Activity: Beginning with the line that contains "The site is", extract each line through the end of the listing below, with no additions or omissions.

Records to process:
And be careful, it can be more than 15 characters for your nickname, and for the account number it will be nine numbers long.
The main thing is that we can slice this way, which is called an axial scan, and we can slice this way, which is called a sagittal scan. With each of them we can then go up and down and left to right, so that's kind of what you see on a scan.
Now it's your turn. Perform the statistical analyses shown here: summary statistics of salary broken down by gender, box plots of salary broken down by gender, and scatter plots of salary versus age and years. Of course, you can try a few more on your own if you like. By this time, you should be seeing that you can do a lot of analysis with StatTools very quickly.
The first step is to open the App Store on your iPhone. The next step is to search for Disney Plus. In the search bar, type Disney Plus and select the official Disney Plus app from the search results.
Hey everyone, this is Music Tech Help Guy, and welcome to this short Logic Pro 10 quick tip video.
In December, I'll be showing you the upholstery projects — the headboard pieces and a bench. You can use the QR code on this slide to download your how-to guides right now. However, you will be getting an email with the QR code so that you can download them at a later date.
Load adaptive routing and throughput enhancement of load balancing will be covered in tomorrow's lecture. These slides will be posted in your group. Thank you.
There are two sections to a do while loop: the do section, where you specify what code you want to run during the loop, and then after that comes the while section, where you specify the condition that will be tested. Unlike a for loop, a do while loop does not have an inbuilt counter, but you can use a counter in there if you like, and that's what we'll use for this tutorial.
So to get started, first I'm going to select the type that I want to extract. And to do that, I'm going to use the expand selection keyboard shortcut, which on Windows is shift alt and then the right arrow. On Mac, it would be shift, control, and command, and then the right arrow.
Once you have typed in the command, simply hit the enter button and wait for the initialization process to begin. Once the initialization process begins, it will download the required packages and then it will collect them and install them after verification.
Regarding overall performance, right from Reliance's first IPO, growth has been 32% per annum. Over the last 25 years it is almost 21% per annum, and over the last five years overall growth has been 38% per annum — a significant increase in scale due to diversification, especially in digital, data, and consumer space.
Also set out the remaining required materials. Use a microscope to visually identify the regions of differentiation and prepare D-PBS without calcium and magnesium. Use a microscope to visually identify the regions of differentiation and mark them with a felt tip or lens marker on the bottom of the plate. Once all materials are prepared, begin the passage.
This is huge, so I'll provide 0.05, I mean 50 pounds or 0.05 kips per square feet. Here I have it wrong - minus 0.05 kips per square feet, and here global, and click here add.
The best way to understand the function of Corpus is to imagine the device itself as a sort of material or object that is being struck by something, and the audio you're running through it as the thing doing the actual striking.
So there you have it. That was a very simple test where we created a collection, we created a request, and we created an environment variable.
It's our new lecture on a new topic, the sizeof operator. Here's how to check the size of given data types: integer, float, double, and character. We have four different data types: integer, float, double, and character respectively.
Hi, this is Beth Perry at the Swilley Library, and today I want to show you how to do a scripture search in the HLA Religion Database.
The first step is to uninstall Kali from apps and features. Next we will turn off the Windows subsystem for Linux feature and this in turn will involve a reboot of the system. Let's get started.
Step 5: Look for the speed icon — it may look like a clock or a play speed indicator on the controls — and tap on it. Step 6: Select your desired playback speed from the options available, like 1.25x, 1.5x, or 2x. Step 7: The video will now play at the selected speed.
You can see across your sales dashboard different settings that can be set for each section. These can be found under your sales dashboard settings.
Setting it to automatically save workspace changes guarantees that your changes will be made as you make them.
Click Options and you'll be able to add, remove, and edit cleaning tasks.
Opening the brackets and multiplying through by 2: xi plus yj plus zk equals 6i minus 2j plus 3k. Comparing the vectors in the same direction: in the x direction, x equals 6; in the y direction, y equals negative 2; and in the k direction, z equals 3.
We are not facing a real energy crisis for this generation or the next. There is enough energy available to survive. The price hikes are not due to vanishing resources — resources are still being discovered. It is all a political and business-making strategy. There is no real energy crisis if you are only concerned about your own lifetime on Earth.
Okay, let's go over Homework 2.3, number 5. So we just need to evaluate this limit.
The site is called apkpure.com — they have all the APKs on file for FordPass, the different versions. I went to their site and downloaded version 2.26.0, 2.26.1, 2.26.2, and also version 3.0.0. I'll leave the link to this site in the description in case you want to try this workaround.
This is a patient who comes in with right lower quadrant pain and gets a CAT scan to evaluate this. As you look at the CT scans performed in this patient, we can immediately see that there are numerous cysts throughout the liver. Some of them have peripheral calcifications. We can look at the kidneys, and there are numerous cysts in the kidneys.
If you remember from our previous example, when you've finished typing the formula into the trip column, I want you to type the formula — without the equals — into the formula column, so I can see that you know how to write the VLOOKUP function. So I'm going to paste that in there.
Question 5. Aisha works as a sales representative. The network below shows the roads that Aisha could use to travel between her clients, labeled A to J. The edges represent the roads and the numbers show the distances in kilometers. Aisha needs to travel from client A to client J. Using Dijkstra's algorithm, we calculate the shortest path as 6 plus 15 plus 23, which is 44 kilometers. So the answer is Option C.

Solution:
The site is called apkpure.com — they have all the APKs on file for FordPass, the different versions. I went to their site and downloaded version 2.26.0, 2.26.1, 2.26.2, and also version 3.0.0. I'll leave the link to this site in the description in case you want to try this workaround.
This is a patient who comes in with right lower quadrant pain and gets a CAT scan to evaluate this. As you look at the CT scans performed in this patient, we can immediately see that there are numerous cysts throughout the liver. Some of them have peripheral calcifications. We can look at the kidneys, and there are numerous cysts in the kidneys.
If you remember from our previous example, when you've finished typing the formula into the trip column, I want you to type the formula — without the equals — into the formula column, so I can see that you know how to write the VLOOKUP function. So I'm going to paste that in there.
Question 5. Aisha works as a sales representative. The network below shows the roads that Aisha could use to travel between her clients, labeled A to J. The edges represent the roads and the numbers show the distances in kilometers. Aisha needs to travel from client A to client J. Using Dijkstra's algorithm, we calculate the shortest path as 6 plus 15 plus 23, which is 44 kilometers. So the answer is Option C.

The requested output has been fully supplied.